3. Renforcement des capacités à travers un accompagnement transformateur: Le programme s'est appuyé sur des formateurs et des coachs experts en Leadership Transformationnel, favorisant un apprentissage expérientiel, la libération de l’intelligence émotionnelle des participants, et l’ancrage dans des résultats concrets.

Principes et actions à intégrer dans de futures initiatives

1. Institutionnaliser les acquis: Intégrer les bonnes pratiques dans les discours officiels, les politiques publiques et les programmes éducatifs afin de pérenniser les changements comportementaux.

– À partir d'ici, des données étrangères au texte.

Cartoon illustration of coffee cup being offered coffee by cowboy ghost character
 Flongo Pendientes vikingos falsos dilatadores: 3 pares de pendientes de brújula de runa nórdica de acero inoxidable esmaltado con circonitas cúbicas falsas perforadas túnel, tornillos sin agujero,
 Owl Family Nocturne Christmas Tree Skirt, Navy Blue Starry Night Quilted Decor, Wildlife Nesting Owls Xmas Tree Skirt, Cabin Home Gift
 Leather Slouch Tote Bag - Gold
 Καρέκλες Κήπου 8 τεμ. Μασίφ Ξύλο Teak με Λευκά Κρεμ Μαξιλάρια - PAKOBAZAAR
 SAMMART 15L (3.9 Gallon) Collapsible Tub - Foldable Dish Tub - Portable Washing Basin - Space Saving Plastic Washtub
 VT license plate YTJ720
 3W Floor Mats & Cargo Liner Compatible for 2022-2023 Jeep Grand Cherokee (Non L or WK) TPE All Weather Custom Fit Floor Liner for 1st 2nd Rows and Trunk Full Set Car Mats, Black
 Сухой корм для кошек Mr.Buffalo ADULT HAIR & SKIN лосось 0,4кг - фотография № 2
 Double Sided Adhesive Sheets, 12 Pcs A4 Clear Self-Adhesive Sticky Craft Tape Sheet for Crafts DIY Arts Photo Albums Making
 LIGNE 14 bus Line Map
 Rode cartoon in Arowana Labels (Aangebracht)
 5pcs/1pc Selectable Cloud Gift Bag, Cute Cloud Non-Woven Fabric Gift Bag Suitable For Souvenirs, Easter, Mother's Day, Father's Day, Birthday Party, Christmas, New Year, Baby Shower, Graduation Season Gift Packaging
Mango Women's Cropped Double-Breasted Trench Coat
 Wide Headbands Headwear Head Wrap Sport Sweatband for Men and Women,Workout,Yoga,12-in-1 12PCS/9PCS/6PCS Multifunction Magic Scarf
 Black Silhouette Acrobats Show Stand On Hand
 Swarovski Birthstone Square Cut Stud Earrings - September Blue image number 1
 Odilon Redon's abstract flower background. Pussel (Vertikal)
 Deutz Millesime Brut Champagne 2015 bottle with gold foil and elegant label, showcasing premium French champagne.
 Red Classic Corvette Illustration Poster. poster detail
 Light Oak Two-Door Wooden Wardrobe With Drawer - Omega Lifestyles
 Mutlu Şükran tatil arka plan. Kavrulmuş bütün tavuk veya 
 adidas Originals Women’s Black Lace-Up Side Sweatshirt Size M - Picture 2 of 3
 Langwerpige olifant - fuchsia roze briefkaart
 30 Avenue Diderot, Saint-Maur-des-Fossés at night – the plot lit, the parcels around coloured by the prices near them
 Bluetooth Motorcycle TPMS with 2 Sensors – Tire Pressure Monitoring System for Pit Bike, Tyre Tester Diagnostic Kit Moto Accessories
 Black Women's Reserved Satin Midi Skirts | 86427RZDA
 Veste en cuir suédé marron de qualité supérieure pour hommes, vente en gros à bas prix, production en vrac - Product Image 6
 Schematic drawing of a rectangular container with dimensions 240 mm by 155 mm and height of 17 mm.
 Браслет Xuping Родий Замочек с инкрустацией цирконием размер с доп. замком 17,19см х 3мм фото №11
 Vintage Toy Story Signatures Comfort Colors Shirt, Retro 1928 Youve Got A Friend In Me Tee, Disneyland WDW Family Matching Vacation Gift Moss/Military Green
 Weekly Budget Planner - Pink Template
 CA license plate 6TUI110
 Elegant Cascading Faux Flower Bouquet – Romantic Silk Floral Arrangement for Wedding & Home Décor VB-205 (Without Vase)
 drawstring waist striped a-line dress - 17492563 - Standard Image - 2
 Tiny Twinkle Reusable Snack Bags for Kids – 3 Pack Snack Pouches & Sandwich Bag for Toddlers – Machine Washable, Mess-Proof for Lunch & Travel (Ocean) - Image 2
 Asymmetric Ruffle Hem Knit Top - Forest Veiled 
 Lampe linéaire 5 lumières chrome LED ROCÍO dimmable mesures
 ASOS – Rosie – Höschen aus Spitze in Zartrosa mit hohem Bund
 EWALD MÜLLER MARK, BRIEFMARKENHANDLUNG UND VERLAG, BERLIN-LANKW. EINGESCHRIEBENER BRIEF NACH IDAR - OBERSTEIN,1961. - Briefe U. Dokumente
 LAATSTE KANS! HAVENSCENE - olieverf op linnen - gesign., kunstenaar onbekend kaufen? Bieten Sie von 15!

2. Créer un réseau d'acteurs locaux engagés: Fédérer les parties prenantes (ONG, communautés, institutions publiques et privées) pour assurer une continuité et un ancrage territorial des actions entreprises.

3. Utiliser les plateformes digitales et communautaires: Exploiter les outils numériques et les réseaux sociaux pour amplifier le message, toucher un public plus large et favoriser l'engagement civique citoyen.

4. Mesurer l'impact à long terme: Développer des indicateurs de suivi basés sur le changement systémique, afin d'orienter stratégiquement les futures interventions et d'assurer une efficacité durable.

Vers une approche plus pragmatique et durable

Investir dans la formation sans garantir au final un impact réel revient à détourner et gaspiller des ressources précieuses. Il est essentiel de remettre en question les approches traditionnelles du renforcement des capacités et d'adopter des méthodologies qui intègrent à la fois un changement individuel, collectif et systémique.

L'exemple cité nous confirme que la transformation est possible lorsque l'on combine leadership conscient, engagement communautaire et volonté politique.

Il est temps de faire de la formation un véritable levier de changement sociétal et de développement durable.